Question

Let $A_n=\sum _{r=1}^{2n}\sin \left({\sin }^{-1}{x}^{3r-2}\right),B_n=\sum _{r=1}^{2n}\cos \left({\cos }^{-1}{x}^{3r-1}\right),C_n=\sum _{r=1}^{2n}\tan \left({\tan }^{-1}{x}^{3r}\right),n\in N,n\ge 3$.

Which of the following option(s) is/are correct for $|x|\le 1$ ?

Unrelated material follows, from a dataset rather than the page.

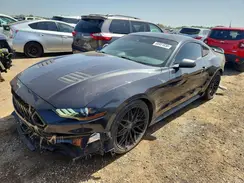 1FA6P8TH3N5134670 2022 FORD MUSTANG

• A. $A_n>C_n>B_n$ for $x\in (-1,1)$
• B. $A_n=B_n=C_n$ has two integral roots.
• C. $A_n=B_n+C_n$ has two irrational roots.
• D. $B_n=C_n+A_n$ has $6n$ complex roots.

Answer 1

Answer: (C), (D)

The correct options are
C $A_n=B_n+C_n$ has two irrational roots.
D $B_n=C_n+A_n$ has $6n$ complex roots.

$A_n=\sum _{r=1}^{2n}\sin \left({\sin }^{-1}{x}^{3r-2}\right)\Rightarrow A_n=\sum _{r=1}^{2n}{x}^{3r-2}\Rightarrow A_n=x+x^4+x^7+\cdots 2n\text{terms}\Rightarrow A_n=\frac{x(1-x^{6n})}{1-x^3}$

$B_n=\sum _{r=1}^{2n}\cos \left({\cos }^{-1}{x}^{3r-1}\right)\Rightarrow B_n=\sum _{r=1}^{2n}{x}^{3r-1}\Rightarrow B_n=x^2+x^5+x^8+\cdots 2n\text{terms}\Rightarrow B_n=\frac{x^2(1-x^{6n})}{1-x^3}$

$C_n=\sum _{r=1}^{2n}\tan \left({\tan }^{-1}{x}^{3r}\right)\Rightarrow C_n=\sum _{r=1}^{2n}{x}^{3r}\Rightarrow C_n=x^3+x^6+x^9+\cdots 2n\text{terms}\Rightarrow C_n=\frac{x^3(1-x^{6n})}{1-x^3}$

When $x=0$
$A_n=B_n=C_n=0$
When $x=-1$
$A_n=B_n=C_n=0$
When $x=1$
$A_n=B_n=C_n=2n$
Therefore, $A_n=B_n=C_n$ has $3$ distinct integral roots.

For $0<x<1$,
$x^3<x^2<x$
Therefore, $A_n>B_n>C_n$

For $-1<x<0$,
$x<x^3<x^2$
Therefore, $B_n>C_n>A_n$

$A_n=B_n+C_n\Rightarrow \frac{x(1-x^{6n})}{1-x^3}=\frac{x^2(1-x^{6n})}{1-x^3}+\frac{x^3(1-x^{6n})}{1-x^3}\Rightarrow \frac{(1-x^{6n})}{1-x^3}x[x^2+x-1]=0\Rightarrow x=0,-1,\frac{-1\pm \sqrt{5}}{2}$
Therefore, two irrational roots.

$B_n=A_n+C_n\Rightarrow \frac{x^2(1-x^{6n})}{1-x^3}=\frac{x(1-x^{6n})}{1-x^3}+\frac{x^3(1-x^{6n})}{1-x^3}\Rightarrow \frac{(1-x^{6n})}{1-x^3}x[x^2-x+1]=0\Rightarrow x^{6n}=1;x=0;x=\frac{1\pm i\sqrt{3}}{2}$

Therefore, the number of complex roots will be,
$(6n-2)+2=6n$